"Have a little patience, my dear!" said she, with something of an impatient tone, as she rang for breakfast; "they will be here at their usual time. Nobody in this house is a slave to hours, or _gêné _with each other's society. Liberty is the motto here; everybody breakfasts when and where they please. Lady Juliana, I believe, frequently takes hers in her dressing-room; Papa never is visible till two or three o'clock; and Adelaide is always late."
"What a selfish cold-hearted thing is grandeur!" thought Mary, as Lady Emily and she sat like two specks in the splendid saloon, surrounded by all that wealth could purchase or luxury invent; and her thoughts reverted to the pious thanksgiving and affectionate meeting that graced their social meal in the sweet sunny parlour at Lochmarlie.
Some of those airy nothings, without a local habitation, who are always to be found flitting about the mansions of the great, now lounged into the room; and soon after Adelaide made her entrée. Mary, trembling violently, was ready to fall upon her sister's neck, but Adelaide seemed prepared to repel everything like a _scènce _for, with a cold, but sweet, "I hope you are better this morning?" she seated herself at the opposite side of the table. Mary's blood rushed back to her heart; her eyes filled with tears, she knew not why; for she could not analyse the feelings that swelled in her bosom. She would have shuddered to think her sister unkind, but she felt she was so.
"It can only be the difference of our manners," sighed she to herself; "I am sure my sister loves me, though she does not show it in the same way I should have done;" and she gazed with the purest admiration and tenderness on the matchless beauty of her face and form. Never had she beheld anything so exquisitely beautiful; and she longed to throw herself into her sister's arms and tell her how she loved her. But Adelaide seemed to think the present company wholly unworthy of her regard; for, after having received the adulation of the gentlemen, as they severally paid her a profusion of compliments upon her appearance, "Desire Tomkins," said she to a footman, "to ask Lady Juliana for the 'Morning Post,' and the second volume of 'Le——,' of the French novel I am reading; and say she shall have it again when I have finished it."

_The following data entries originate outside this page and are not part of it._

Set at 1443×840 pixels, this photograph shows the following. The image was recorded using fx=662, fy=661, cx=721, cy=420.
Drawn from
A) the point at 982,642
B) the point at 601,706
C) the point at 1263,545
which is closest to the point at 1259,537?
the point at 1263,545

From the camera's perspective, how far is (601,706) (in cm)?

"In what different terms people may express the same meaning," thought Mary; "had I been sending a message to my mother, I should have expressed myself quite differently; but no doubt my sister's meaning is the same, though she may not use the same words."

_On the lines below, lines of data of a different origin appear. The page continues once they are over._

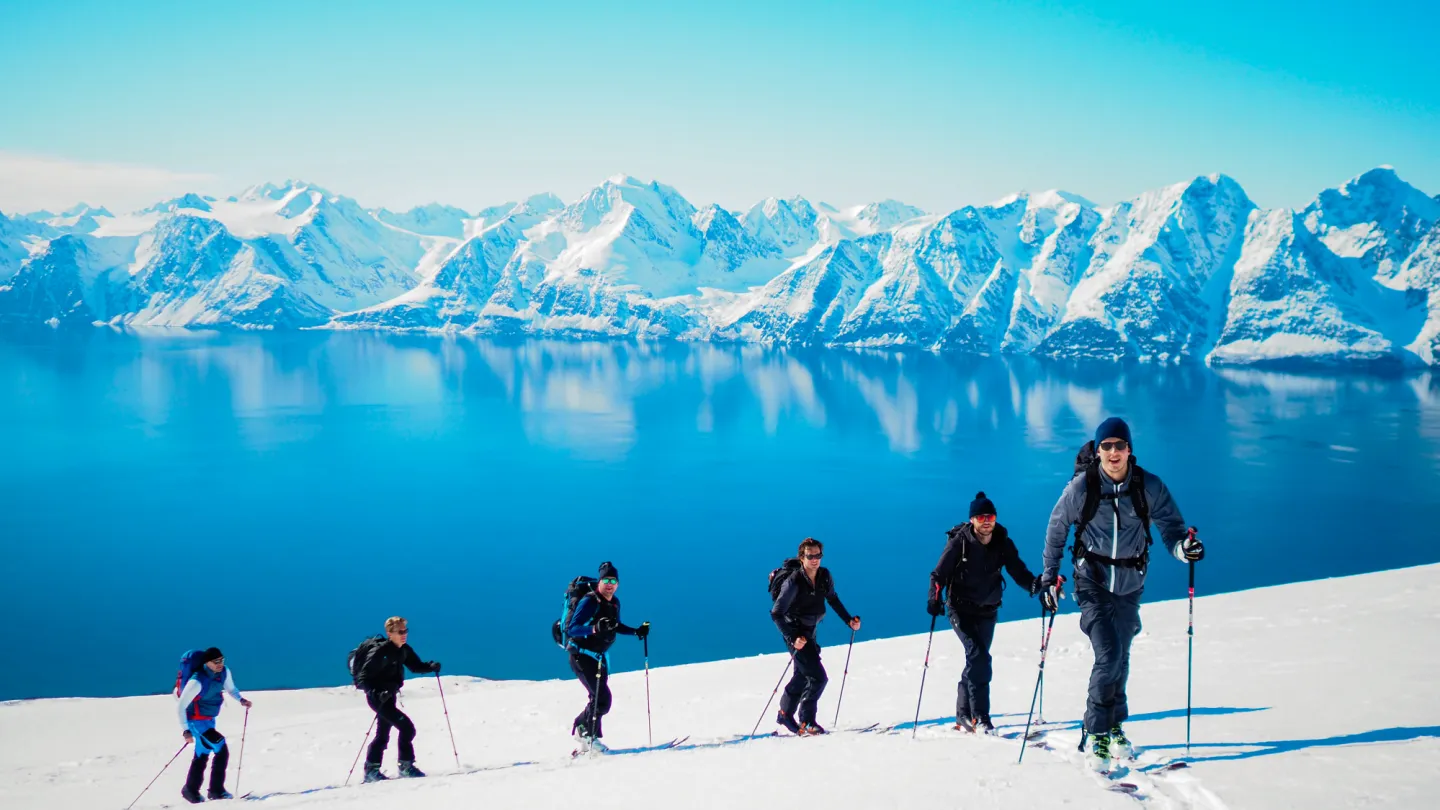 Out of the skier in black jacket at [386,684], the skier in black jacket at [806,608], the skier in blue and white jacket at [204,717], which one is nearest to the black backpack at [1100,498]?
the skier in black jacket at [806,608]

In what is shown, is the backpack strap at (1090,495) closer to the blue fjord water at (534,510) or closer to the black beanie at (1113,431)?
the black beanie at (1113,431)

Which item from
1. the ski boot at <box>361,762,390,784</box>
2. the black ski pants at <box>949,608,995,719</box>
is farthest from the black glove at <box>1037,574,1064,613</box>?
the ski boot at <box>361,762,390,784</box>

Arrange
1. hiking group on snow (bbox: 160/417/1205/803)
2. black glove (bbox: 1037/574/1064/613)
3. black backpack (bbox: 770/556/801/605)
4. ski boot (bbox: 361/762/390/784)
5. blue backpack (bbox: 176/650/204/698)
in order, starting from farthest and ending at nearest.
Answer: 1. blue backpack (bbox: 176/650/204/698)
2. ski boot (bbox: 361/762/390/784)
3. black backpack (bbox: 770/556/801/605)
4. black glove (bbox: 1037/574/1064/613)
5. hiking group on snow (bbox: 160/417/1205/803)

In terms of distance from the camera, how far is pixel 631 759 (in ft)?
31.1

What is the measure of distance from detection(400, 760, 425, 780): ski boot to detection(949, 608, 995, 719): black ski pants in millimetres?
7074

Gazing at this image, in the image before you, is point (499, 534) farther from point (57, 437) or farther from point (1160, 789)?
point (57, 437)

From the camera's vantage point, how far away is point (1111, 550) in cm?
744

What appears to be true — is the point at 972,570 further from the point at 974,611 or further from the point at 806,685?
the point at 806,685

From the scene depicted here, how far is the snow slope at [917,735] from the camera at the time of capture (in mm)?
6879

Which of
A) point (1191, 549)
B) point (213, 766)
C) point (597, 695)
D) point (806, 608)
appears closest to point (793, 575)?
point (806, 608)

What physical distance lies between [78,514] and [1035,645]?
253 feet

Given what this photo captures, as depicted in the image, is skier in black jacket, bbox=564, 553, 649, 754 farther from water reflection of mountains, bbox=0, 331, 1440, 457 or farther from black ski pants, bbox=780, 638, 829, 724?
water reflection of mountains, bbox=0, 331, 1440, 457

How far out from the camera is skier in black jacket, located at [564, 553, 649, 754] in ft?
35.2

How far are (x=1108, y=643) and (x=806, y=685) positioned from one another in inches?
168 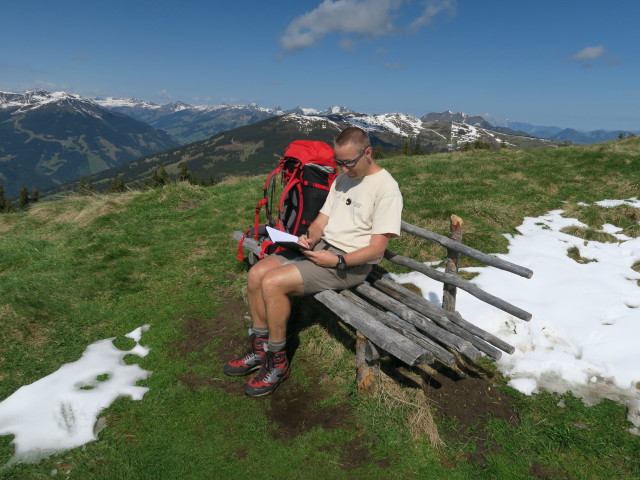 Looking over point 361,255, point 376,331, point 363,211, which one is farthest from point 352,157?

The servant returned with the newspaper, and the novel would be sent when it could be found.
"Lady Juliana never reads like anybody else," said her daughter; "she is for ever mislaying books. She has lost the first volumes of the two last novels that came from town before I had even seen then."
This was uttered in the softest, sweetest tone imaginable, and as if she had been pronouncing a panegyric.
Mary was more and more puzzled.
"'What can be my sister's meaning here?" thought she. "The words seemed almost to imply censure; but that voice and smile speak the sweetest praise. How truly Mrs. Douglas warned me never to judge of people by their words."